Performance of photocatalytic reactors using immobilized TiO 2 film for the degradation of phenol and methylene blue dye present in water stream

Abstract

TiO 2 thin film photocatalyst was successfully synthesized and immobilized on glass reactor tube using sol–gel method. The synthesized TiO 2 coating was transparent, which enabled the penetration of ultra-violet (UV) light to the catalyst surface. Two photocatalytic reactors with different operating modes were tested: (a) tubular photocatalytic reactor with re-circulation mode and (b) batch photocatalytic reactor.
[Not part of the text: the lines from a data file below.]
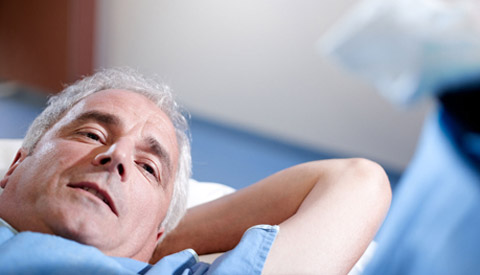 Increased economic value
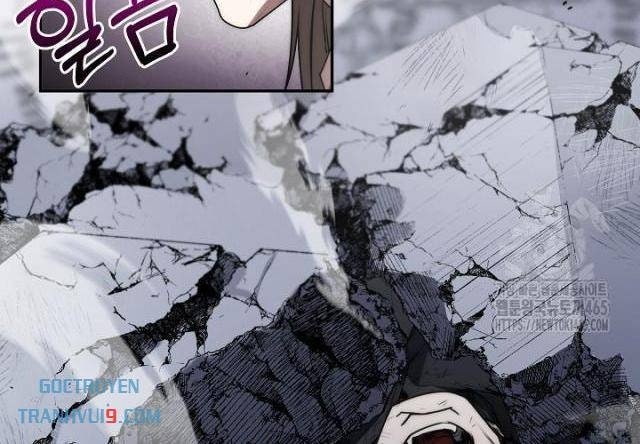 Chiến Thần Xuất Thế - Page 38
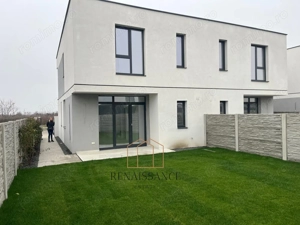 Mehala Duplex 5 Camere 3 Bai | 106mp 220mp Teren | P+1E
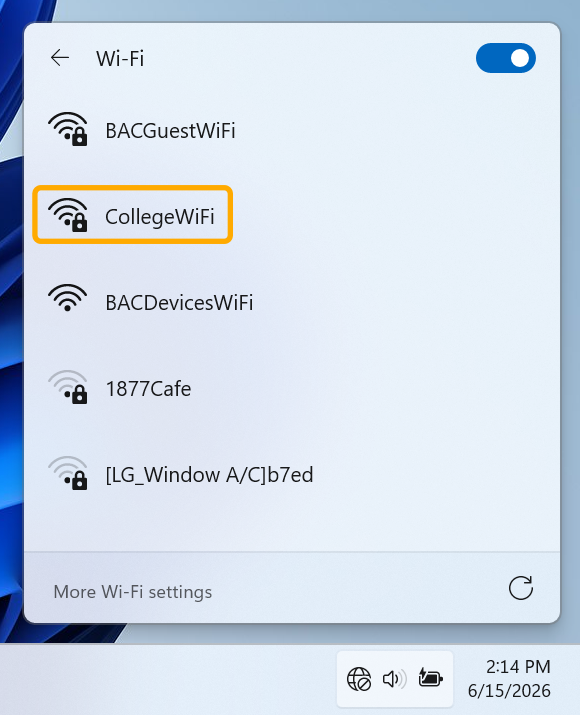 collegwifi_windows11_2.png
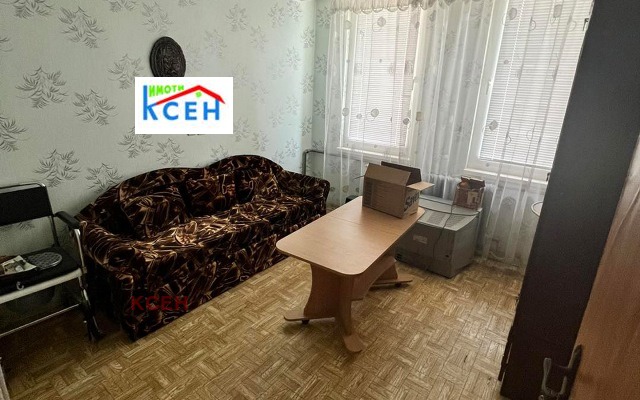 Till salu  2 sovrum Targovistje , Borovec , 90 kvm | 75982026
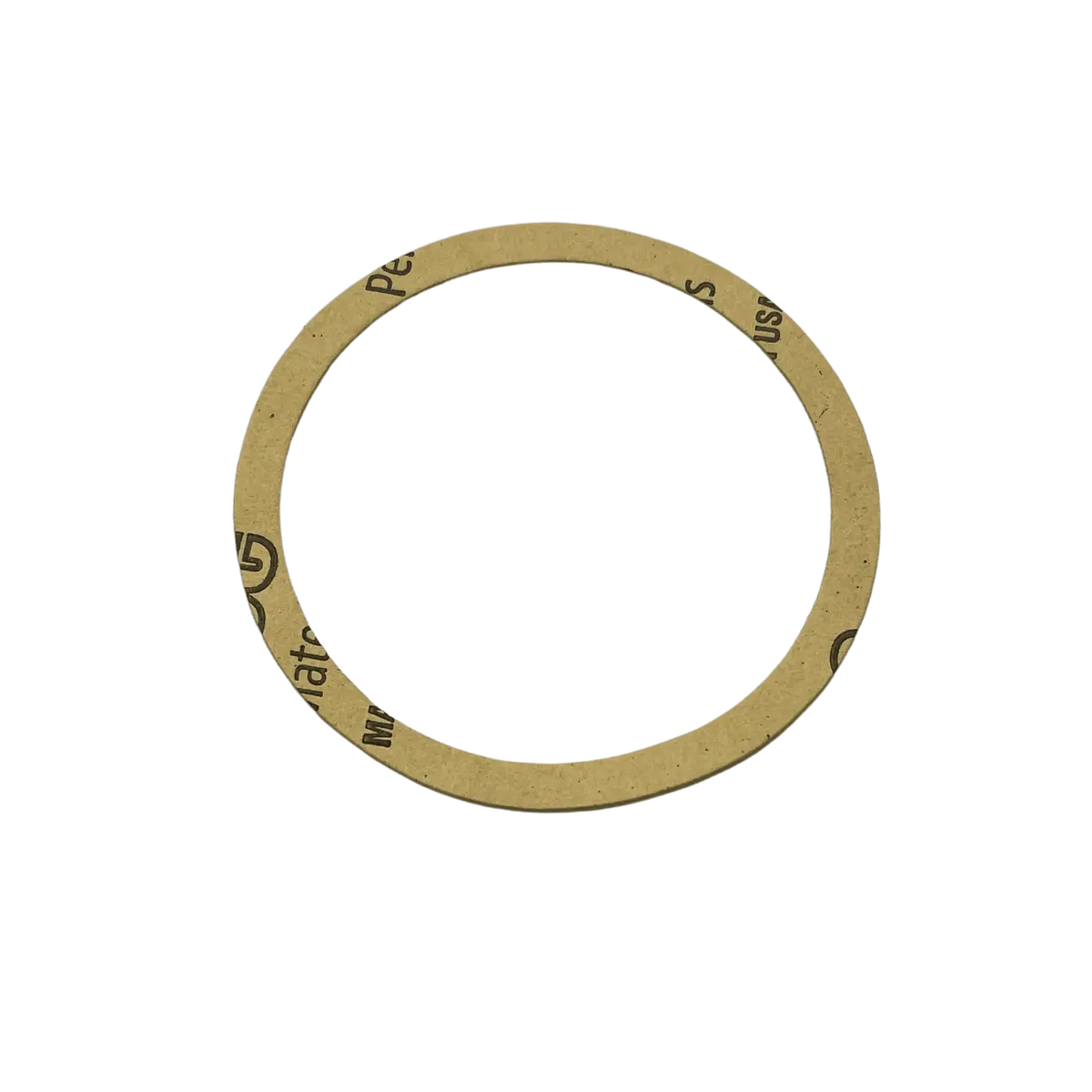 Takeuchi Aftermarket Thermostat Gasket 121850-49550 1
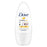 DOVE INVISible Dry Roll-on antiperspirante desodorante 50 ml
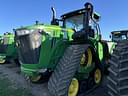 2020 John Deere 9620RX Image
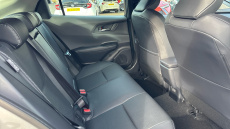 Toyota Prius 2.0 PHEV Excel 5dr CVT Hatchback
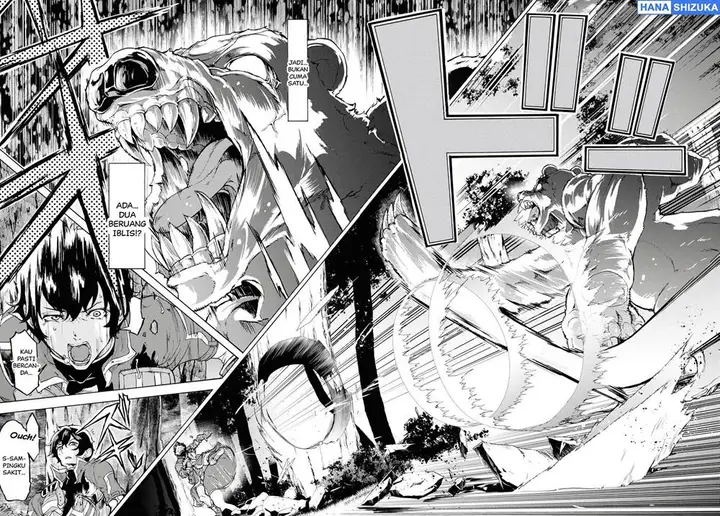 image-komik-inaka-no-home-center-otoko-no-jiyuu-na-isekai-seikatsu-chapter-15-17/32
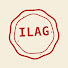 pXU_DRBOVIw-channel-avatar-ILAG Studio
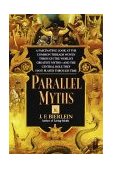 Parallel Myths  cover art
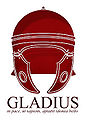 GladiusIndustries-Logo.jpg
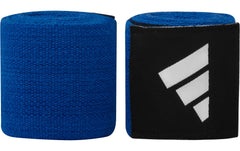 Adidas | Boxing Crepe Bandage | Farbe:blue Grösse:5 x 3.5 m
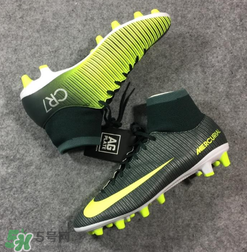 耐克和刺客的区别,nike 鬼牌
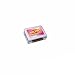 WOW Magic Mic Enter-Tech - Magic Sing Karaoke - Expansion Chip - 1438 Thailand Songs - for ED2000(Silver), ED7000, ED14380, ED11000, ED114380, ET114380, EG114380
A new proposed TiO 2 synthesized film formulation of 1 titanium isopropoxide: 8 isopropanol: 3 acetyl acetone: 1.1 H 2O: 0.05 acetic acid (in molar ratio) gave excellent photocatalytic activity for degradation of phenol and methylene blue dye present in the water. The half-life time, t 1/2 of photocatalytic degradation of phenol was 56 min at the initial phenol concentration of 1000 μM in the batch reactor. In the tubular photocatalytic reactor, 5 re-circulation passes with residence time of 2.2 min (single pass) degraded 50% of 40-μM methylene blue dye. Initial phenol concentration, presence of hydrogen peroxide, presence of air bubbling and stirring speed as the process variables were studied in the batch reactor. Initial methylene blue concentration, pH value, light intensity and reaction temperature were studied as the process variables in the tubular reactor. The synthesized TiO 2 thin film was characterized using SEM, XRD and EDX analysis. A comparative performance between the synthesized TiO 2 thin film and commercial TiO 2 particles (99% anatase) was evaluated under the same experimental conditions. The TiO 2 film was equally active as the TiO 2 powder catalyst.